Итак, уже в прошлом педагогики довольно ясно намечены за­дачи и основания социального воспитания как в интересах истин­но-нравственного воспитания воли, так и в противовес угрожаю­щим индивидуалистическим стремлениям.

Потребность социального воспитания в настоящем. Представите­ли социальной педагогики. В настоящее время еще более сознается потребность и необходимость в воспитании к общности, которое бы, однако, удовлетворяло и индивидуальным запросам, стрем­лениям индивидуальной личности. <...> Никогда в общем настро­ении индивидуализм не имел такой силы, как под покровом раз­ного рода свобод получил теперь. Недаром провозглашенный не­мецким философом (Ницше) культ «воли к власти», культ «сверх­человека» встретил всеобщее одобрение. Но наряду с этим, и как бы в противовес искажениям этих стремлений личности, никогда не было и такой яркой, всепроникающей тенденции обществен­ной солидарности, как теперь. Ищут свободу развития для чело­веческой личности, но в то же время сознают, что в искажениях или крайностях этой свободы, когда бы свобода выродилась в «раз­нузданный индивидуализм» и разорвала всякую общность, сама личность нашла бы себе гибель, смерть и застой. Поэтому вместе со свободой развития личности ищут основы и к развитию общ­ности, солидарности целого. Отсюда и возникло так называемое социальное направление в педагогике, видными представителя­ми которого являются профессор Марбургского университета Пауль Наторп, профессор Иенского университета П.Бергемани. Сюда же надо отнести реформаторов школы в практически трудовом направлении: американского профессора Дьюи, инспектора го­родских школ г. Мюнхена Георга Кершенштейнера, профессора Цюрихского университета Роберта Зейделя и др. <...> (С.20)

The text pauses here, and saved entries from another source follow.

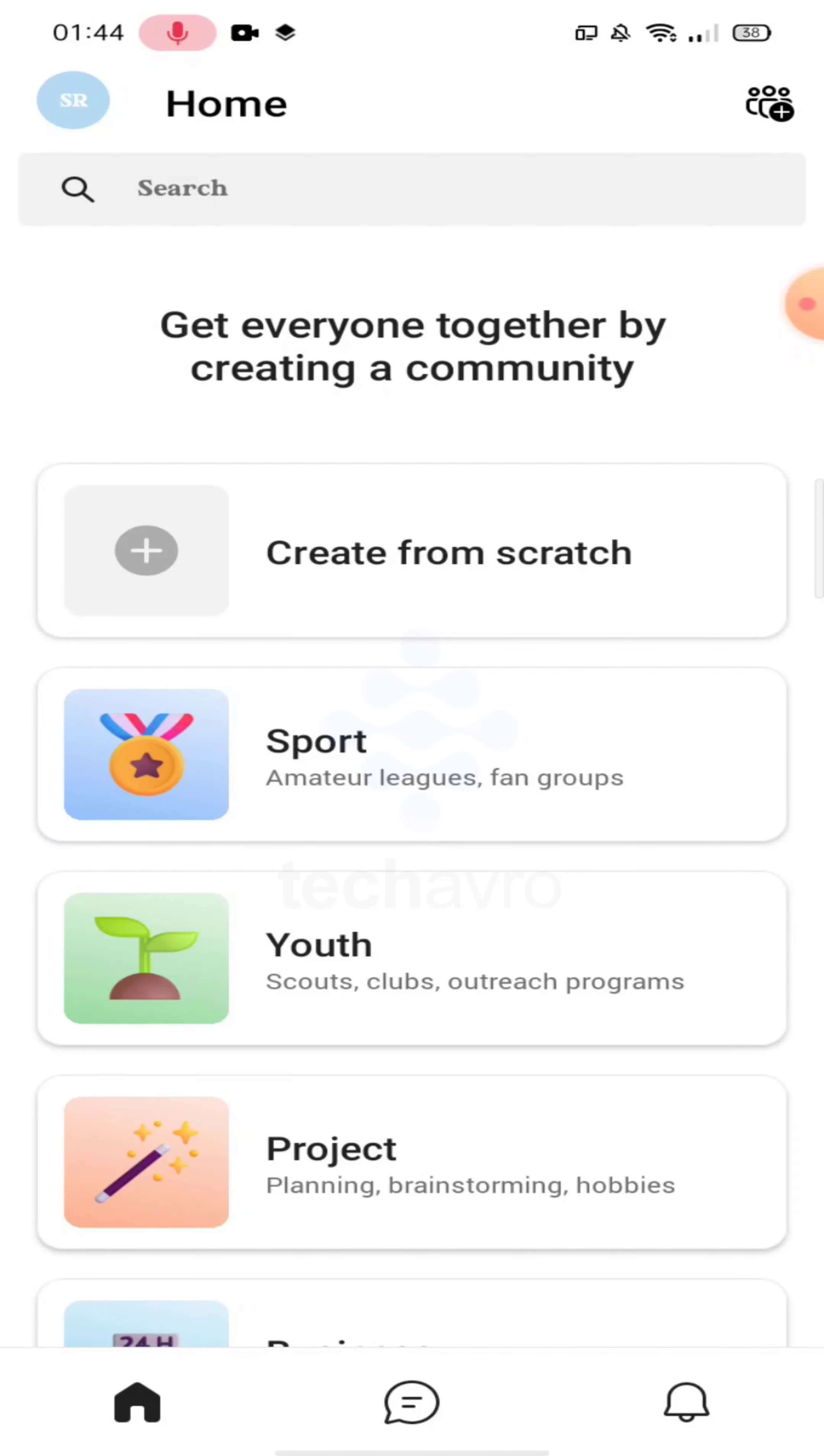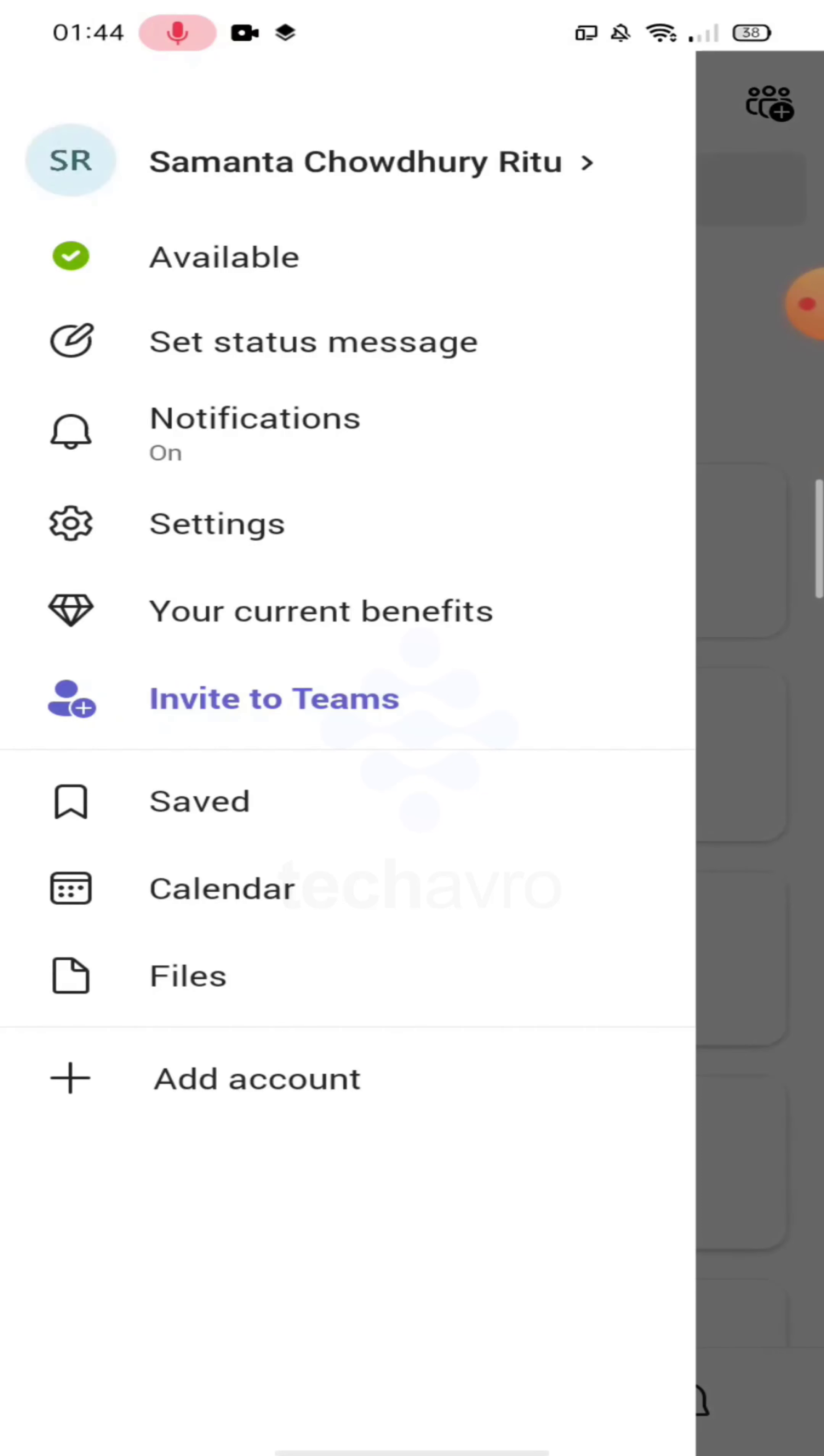Now click on the profile icon in the left corner. And guys, as you can see, there is an option 'Set status message,' so click on it.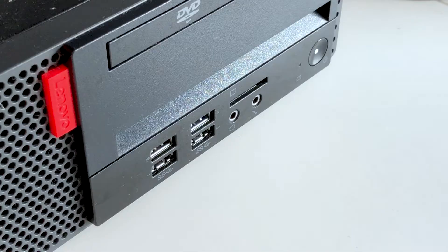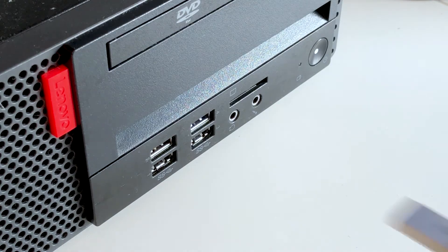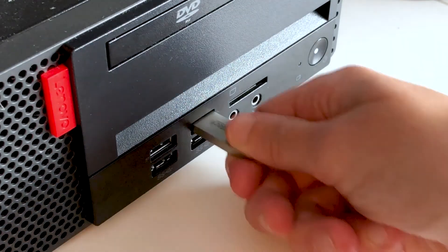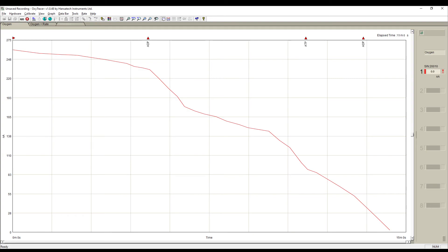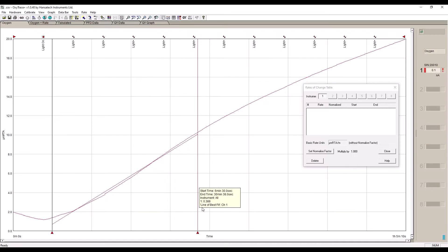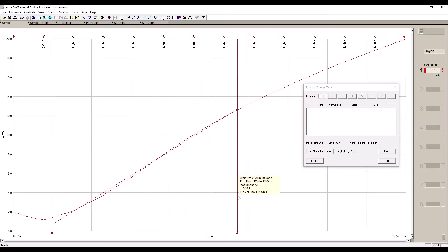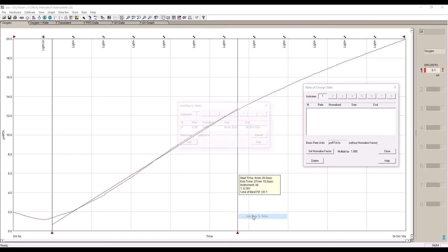For both versions, the bespoke Oxytrace Plus software manages configuration, calibration and real-time data acquisition for all connected Oxytherm Plus systems. Up to eight units can be connected to a single PC, allowing high sample throughput.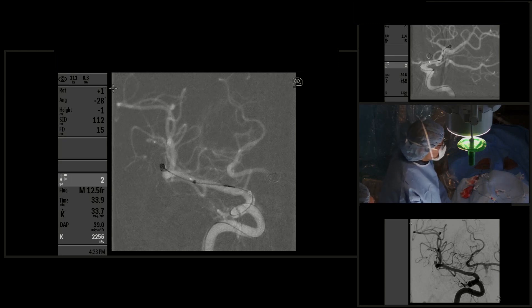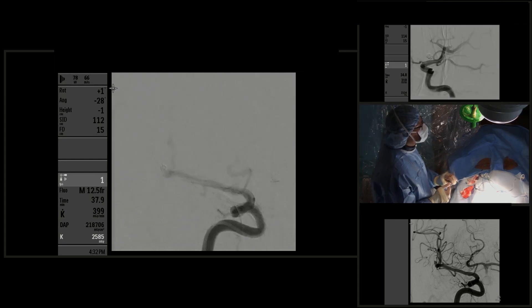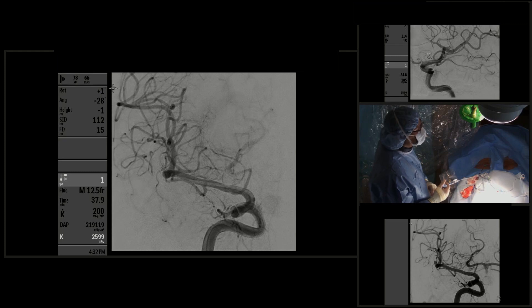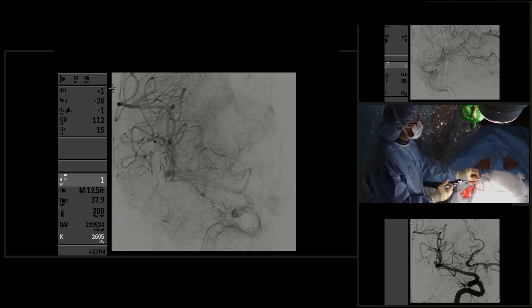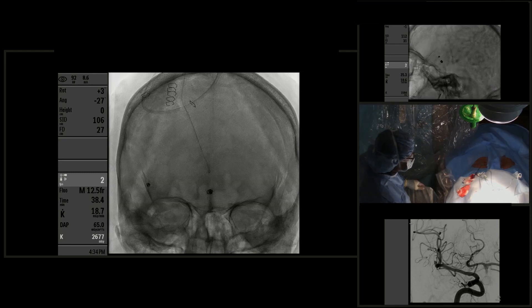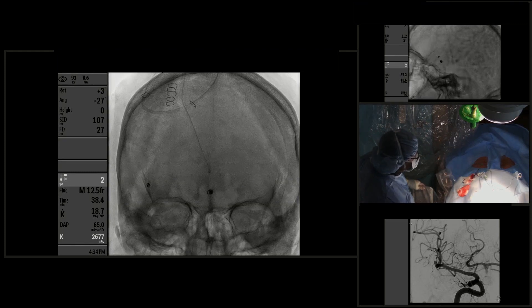As the coil is advancing into the aneurysm, you see the DSA examination showing obliteration of the aneurysm. This was a good result for endovascular embolization.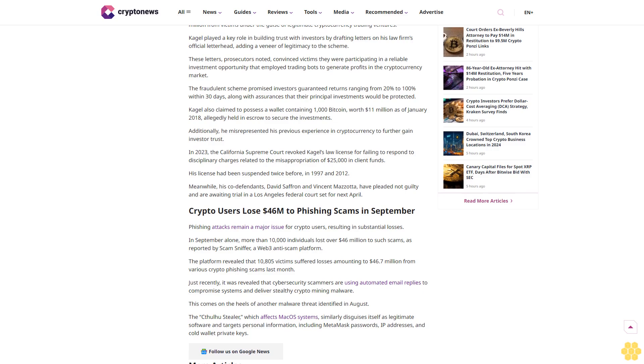Cagle, now in hospice care at a senior facility in Las Vegas due to declining health, will serve his probation at the facility. If he leaves, he will be required to wear a monitoring device.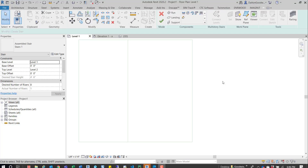Hey guys, in this video I'm going to create stairs from sketch. You may want to do this if you're trying to do something a little bit more complicated, or the flexibility in sketching allows you to create something a little better or easier — this may be an option for you.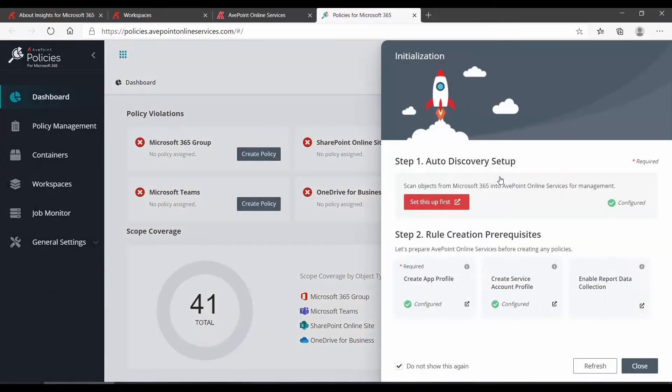The first time you log in, you will see this initialization panel. This is here to ensure that all of your settings are in place to allow policies to do what it's supposed to.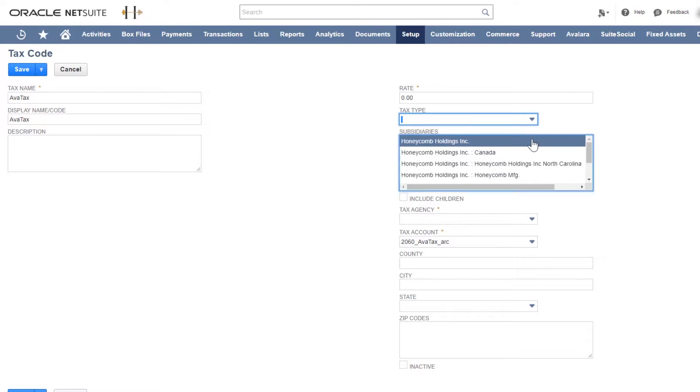Select the subsidiary you want to apply the AvaTax tax code to. You can pick multiple, including child companies.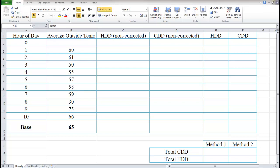Now that we've talked about how to calculate heating degree days and cooling degree days by hand, we're going to look at how to do it in Excel. This is the example I gave you with the hourly data in PowerPoint, and I'm going to show you how to do this using a template I've set up here.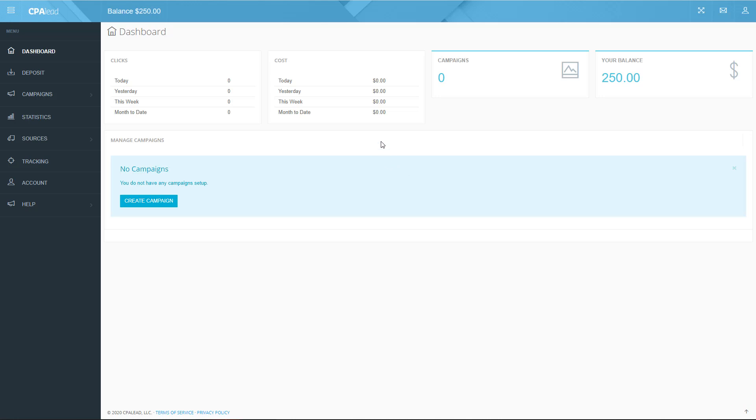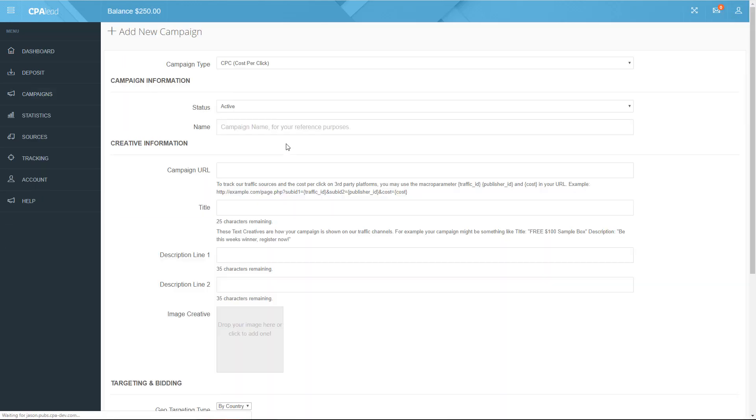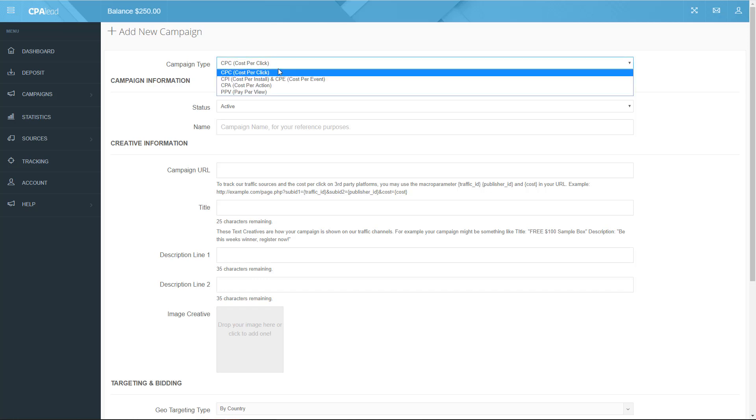To begin setup of your AppsFlyer campaign click on the create new campaign under the campaigns menu. Once on this page on the campaign creation form click the campaign type drop-down and select the cost per install and cost per event option.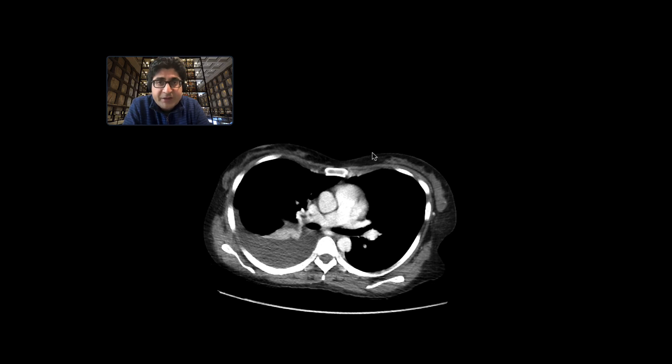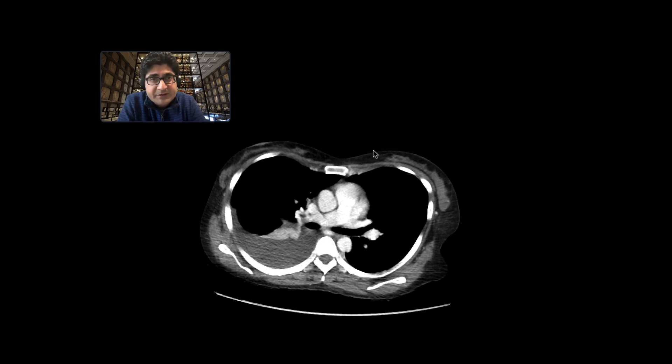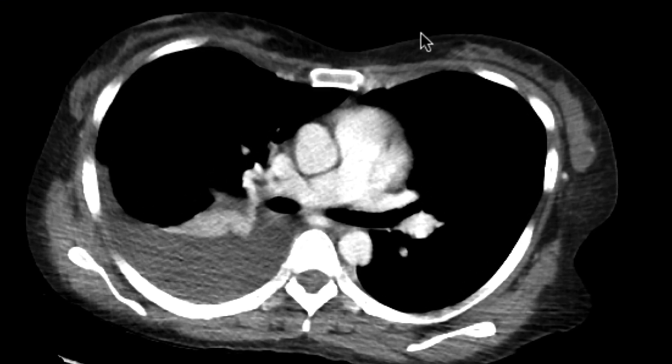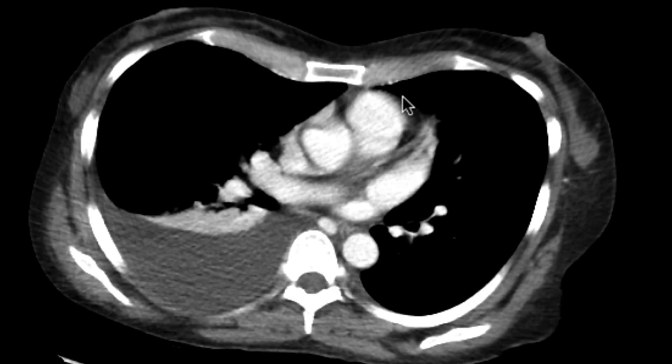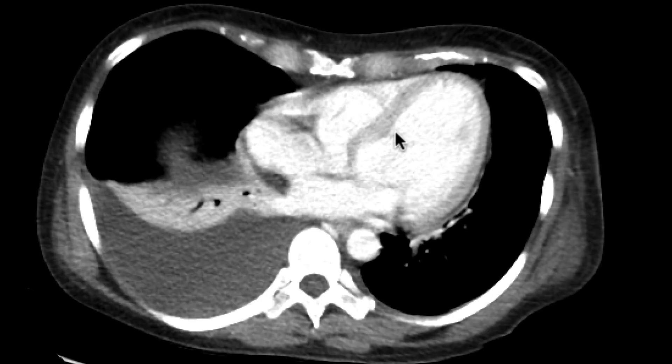This is a patient who presented with abdominal pain and drop in H&H post-paracentesis. We got a CT scan with intravenous contrast to evaluate this.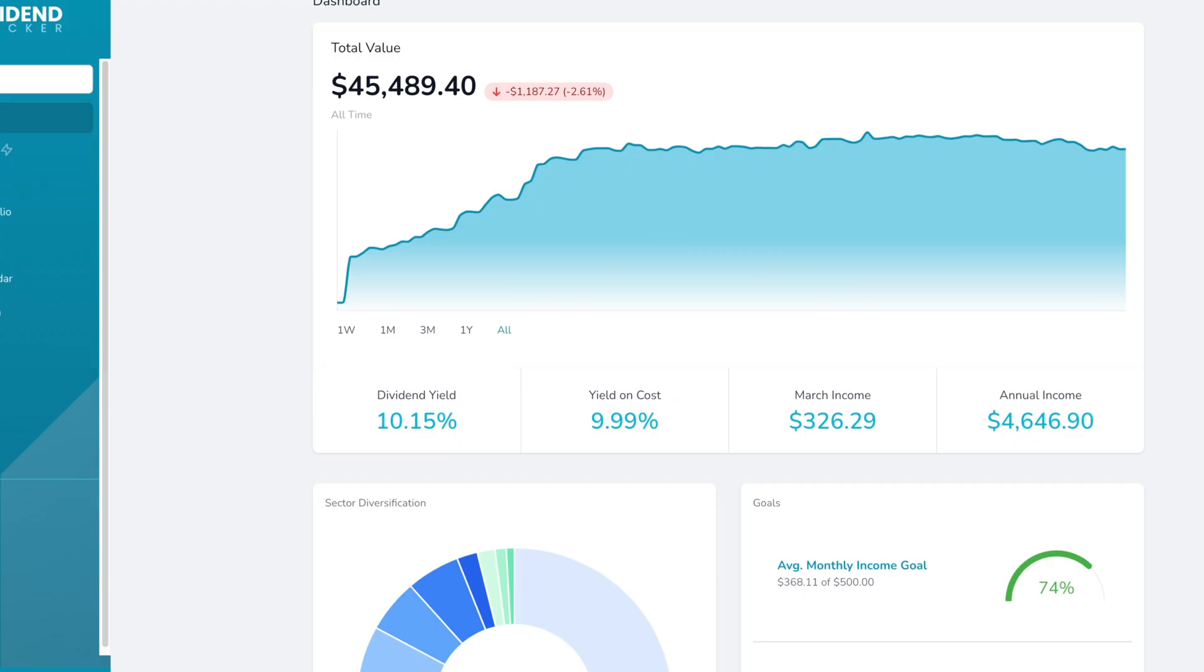If we look at the dividend tracker, we can see for March, I should be getting around $326 in dividends. And that's putting me on track to receive $4,600 in dividends for the entire year.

Педагогические взгляды Наторпа. Значение в образовании че­ловека общности. Понятие «социальной педагогики». <…> Наторп понимает воспитание как преимущественно воспитание воли. Волю в ее обшей форме — форме активности или деятельного направ­ления сознания — он... считает общим условием, как бы центром психической жизни. Это, конечно, не исключает необходимости развития и других сторон сознания — и умственно-познаватель­ной, и эстетически-творческой, — но воспитание воли все же является воспитанием основным, «в первую голову»: все осталь­ные деятельности сознания нуждаются в верно направленной воле. Регулирование активности, доведение человека до сознания выс­шего объединяющего принципа своей жизни и деятельности, до разумного подчинения всех условных эмпирических целей, стрем­лений — одной «безусловной», одному «безусловно должному» направлению, которое включает в себя как индивидуальные, так и социальные добродетели (с правдой в основе тех и других) или всю «человечность», — вот в чем основная, существенная задача вос­питания.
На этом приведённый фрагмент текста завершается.